I plan to build a few bass traps as described in attached LIMP MASS BASS ABSORBER.pdf
So I can tune this absorber's central frequency I would like to know if there is a way in which to measure my prototype absorber using a UMIK-1 and REW V5.

i.e. I don't want to build 3 or more such absobers, place in my room and find the frequencies absorbed are not in my target range.

So I don't want to measure the room + multiple absorbers but only one absorber.


----------



## JohnM (Apr 11, 2006)

*Re: How to Measure absorbers and bass traps*

Might find some folk able to comment on that in the Home Audio Acoustics forum or on the Gearslutz Acoustics forum.


----------



## Lumen (May 17, 2014)

*Re: How to Measure absorbers and bass traps*



sydney2013 said:


> I plan to build a few bass traps as described in attached LIMP MASS BASS ABSORBER.pdf
> So I can tune this absorber's central frequency I would like to know if there is a way in which to measure my prototype absorber using a UMIK-1 and REW V5.
> 
> i.e.
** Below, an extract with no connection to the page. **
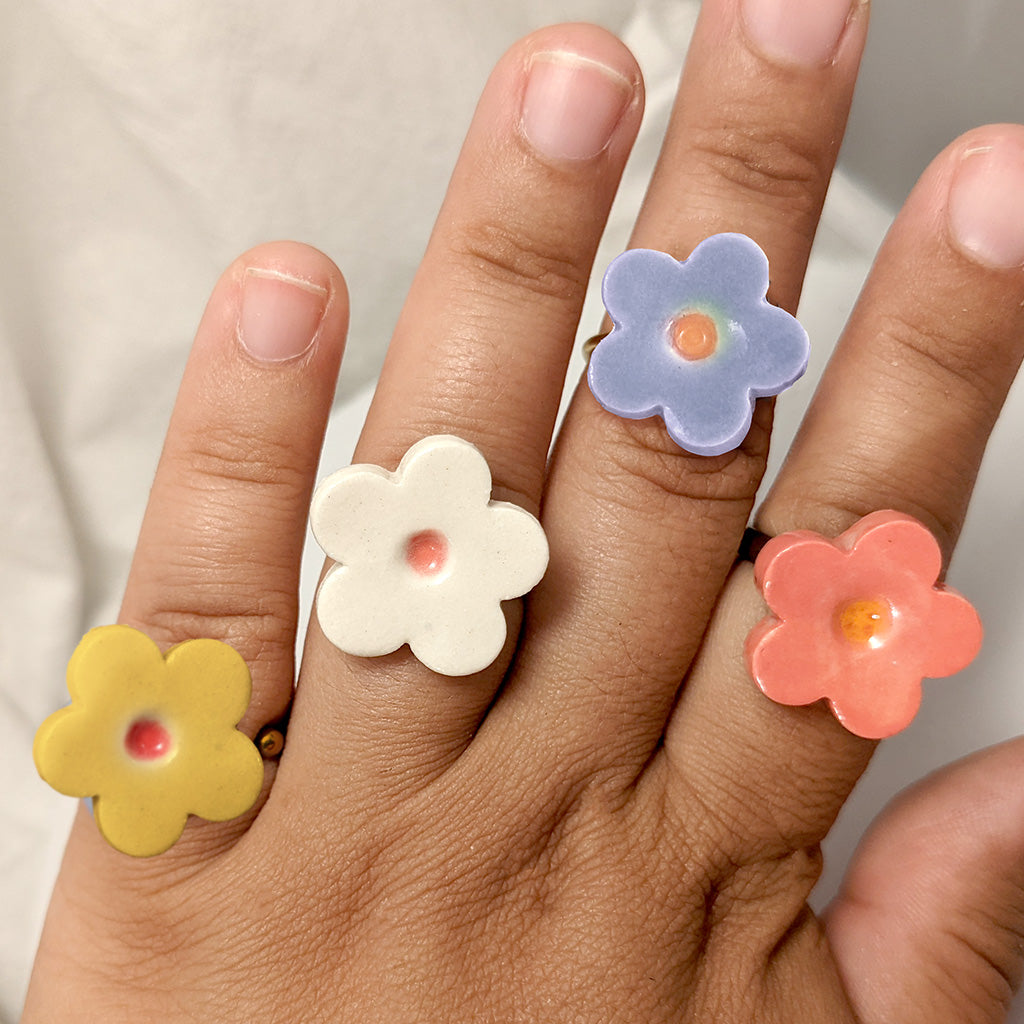 Super Puffy Cloud Flower Ring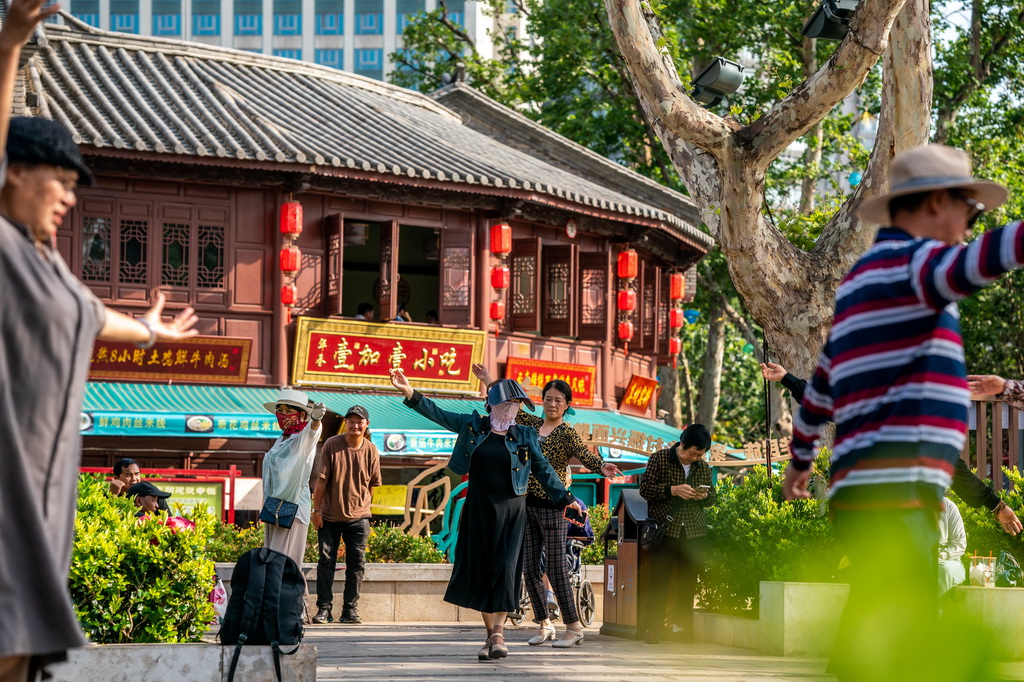 ˂Ͻϵ𹫈@裨513ՔzAӛ  z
I don't want to build 3 or more such absobers, place in my room and find the frequencies absorbed are not in my target range.
> ...


Technically interesting and money-saving project! If I understand you correctly, you're in a chicken-egg situation --> which comes first? As you said, you don't want to build a trap only to find it absorbs the wrong frequency.

So first you need to find your problem frequencies _without_ acoustic treatment. REW can help you with that. It sends test tones through your speakers which are picked up by the UMIK-1 mic. Then you can use it to generate graphs which tell you which frequencies need trapping (typically the deep troughs). 

If you just want general info about your trap, you can measure the room by itself, then measure it with the trap, and plot the difference. But if you want to test the absorber directly and accurately, you'll need a lab with specialized test gear as described in 
Alternative Test Methods for Acoustic Treatment Products.

This home-made test strikes a balance between the two methods.


----------



## Lumen (May 17, 2014)

To get more exposure and possible help, I've moved your thread to the Home Audio Acoustics Forum.


----------